== Task requirements ==
For the records below, please print exactly and only the lines from the one with "Detský stôl Stella 3v1 sivý so stoličkou" down to the one with "Cadeira Para Sala", both ends included, omitting the pictures.

== Provided information ==
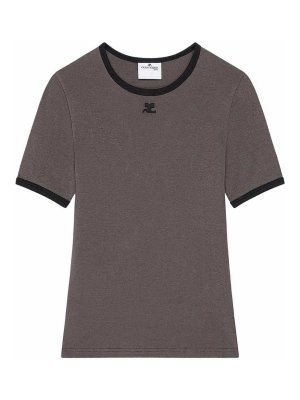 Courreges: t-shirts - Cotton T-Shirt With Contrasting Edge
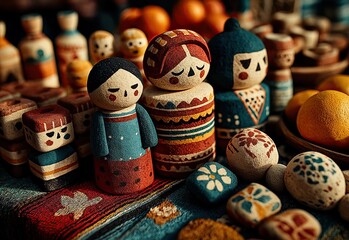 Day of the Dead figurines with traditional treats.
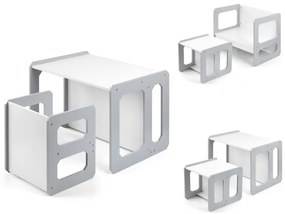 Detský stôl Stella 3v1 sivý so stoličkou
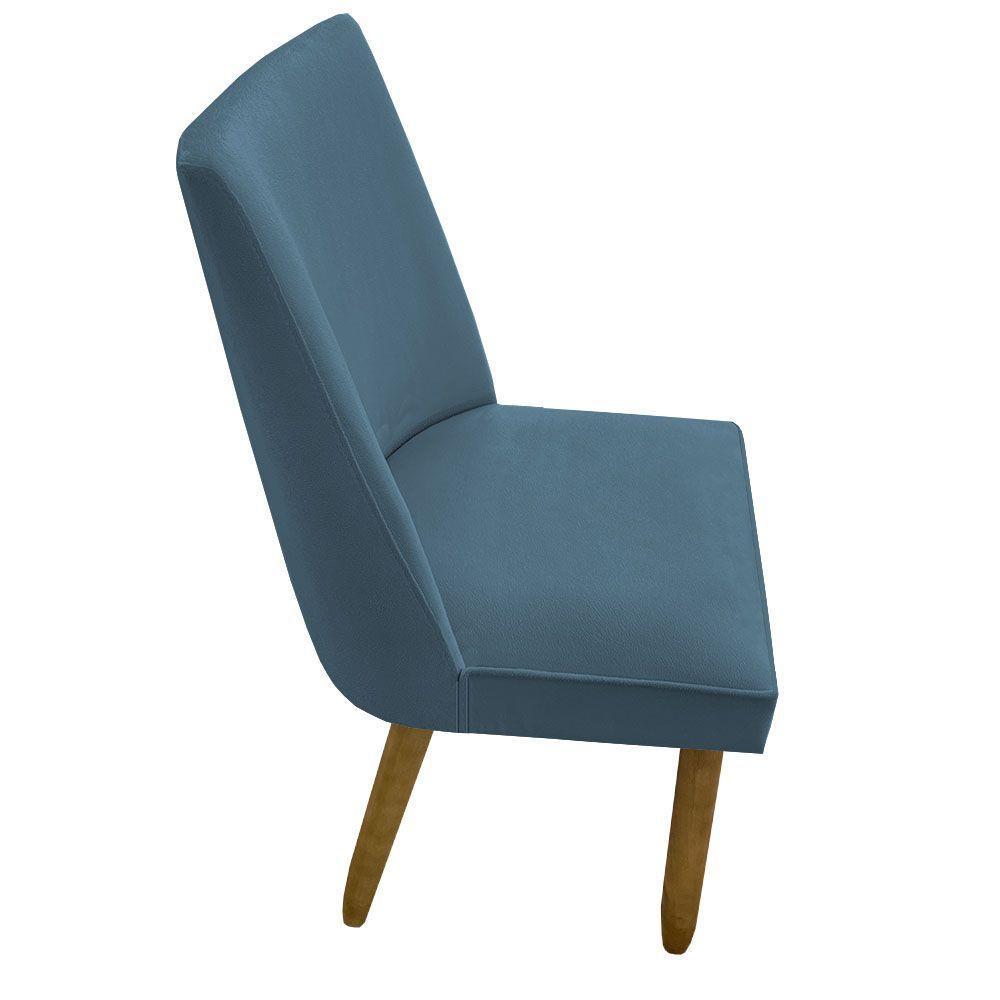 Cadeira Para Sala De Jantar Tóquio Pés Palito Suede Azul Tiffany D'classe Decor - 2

...

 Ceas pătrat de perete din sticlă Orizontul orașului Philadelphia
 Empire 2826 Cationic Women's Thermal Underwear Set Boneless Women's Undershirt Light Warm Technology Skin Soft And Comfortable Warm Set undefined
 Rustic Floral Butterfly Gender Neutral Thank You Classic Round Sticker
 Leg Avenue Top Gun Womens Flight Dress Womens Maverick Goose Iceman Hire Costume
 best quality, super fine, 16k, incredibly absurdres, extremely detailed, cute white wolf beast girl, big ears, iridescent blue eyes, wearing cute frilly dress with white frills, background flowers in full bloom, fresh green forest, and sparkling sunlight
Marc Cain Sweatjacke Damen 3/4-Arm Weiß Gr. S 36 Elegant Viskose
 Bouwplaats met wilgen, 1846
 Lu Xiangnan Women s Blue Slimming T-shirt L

== Completed task ==
 Detský stôl Stella 3v1 sivý so stoličkou
 Cadeira Para Sala De Jantar Tóquio Pés Palito Suede Azul Tiffany D'classe Decor - 2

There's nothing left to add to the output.